Il progetto di Renzi è una difficile trasformazione a tutto tondo della società italiana, forse ancora condizionato dall’idea dell’uomo nuovo dei regimi totalitari del secolo passato; le riforme che con passo spedito sta imponendo al paese riguardano un sistema politico più snello ed efficace, lo smantellamento delle rendite di posizione e delle burocrazie che ostacolano la libera espressione dello spirito imprenditoriale, la lotta al fisco opprimente, la meritocrazia e la valorizzazione dei giovani talenti.

La parte più importante del progetto, ma la più difficile da comprendere e da accettare per un elettorato ed un popolo abituati a ragionare in maniera vecchia e sclerotizzata, è quella della decrescita felice.  L’abbassamento progressivo e costante del PIL è in realtà un grande successo, cercato, voluto ed ottenuto con l’obiettivo di mettere l’Italia in prima fila e darle un vantaggio competitivo sulle altre concorrenti. Ormai l’idea di una crescita magnifica e progressiva del Prodotto Interno Lordo è vecchia e  superata, d’altronde

 Chi crede che una crescita esponenziale possa continuare all’infinito in un mondo finito è un folle, oppure un economista 

(Kenneth Boulding)

L’errore di Renzi è non aver sostituito questo indicatore con un ben più significativo indice di benessere complessivo. L’italiano sta imparando a godere dei piaceri naturali che la nazione può offrirgli: il mare, il sole, la pizza, i prati verdi, l’ottimo cibo, le belle canzoni, i soldi dei nonni e dei genitori. Sta finalmente affrancandosi dal suo ruolo di consumatore stupido e ammansito dalla TV, e sta riscoprendo la bellezza della povertà, e tutta la felicità che in essa può ritrovare.

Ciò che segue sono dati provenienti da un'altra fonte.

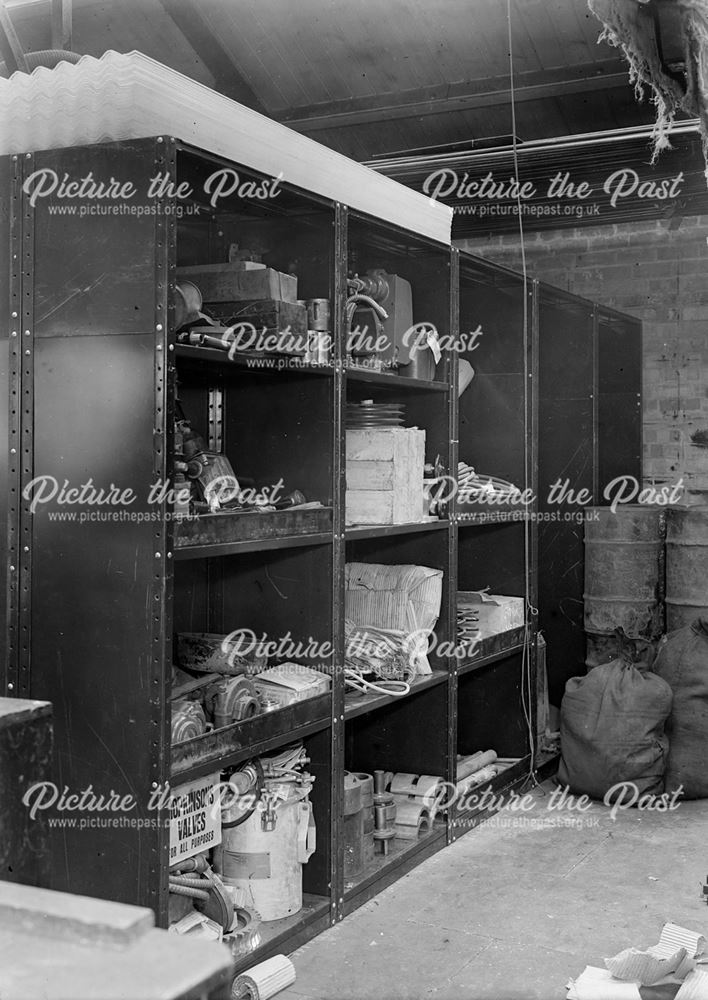 Interior of Stores at Nutbrook Foundry, Stanton Works, c 1930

Non c’è soltanto la dilapidazione irreversibile dell’ambiente e delle risorse non sostituibili. C’è anche la distruzione antropologica degli esseri umani, trasformati in bestie produttrici e consumatrici, in abbrutiti zapping-dipendenti

(Cornelius Castoriadis)

A testimonianza di come questa mentalità stia piano piano facendo breccia nella popolazione c’è la questione degli 80 euro in busta paga: questi non hanno in alcun modo favorito i consumi e non hanno dato alcun impulso alla crescita economica; nonostante la tentazione, la golosa esca all’amo, l’italiano ha dimostrato una maturità commovente.

Questo ritorno ad Arcadia volenti o nolenti si abbatterà sull’intera popolazione mondiale; i nuovi modi di produzione e gli impressionanti sviluppi dell’ Intelligenza Artificiale ci portano verso una organizzazione aziendale dove l’impresa impiegherà solo un uomo ed un cane: l’uomo deve nutrire il cane ed il cane deve tenere l’uomo lontano dalle macchine.

Abituarci prima degli altri alla povertà è un grande favore che Renzi  ci sta facendo e lo sta facendo molto bene, lottando in un mare in tempesta contro i pregiudizi e le mentalità retrograde. Non so quali saranno i prossimi passi della rivoluzione, ma li attendo con grande curiosità, e sono convinto che non sia lontano il giorno in cui la recessione tecnica non verrà subita come un lutto ma presentata e festeggiata come un successo.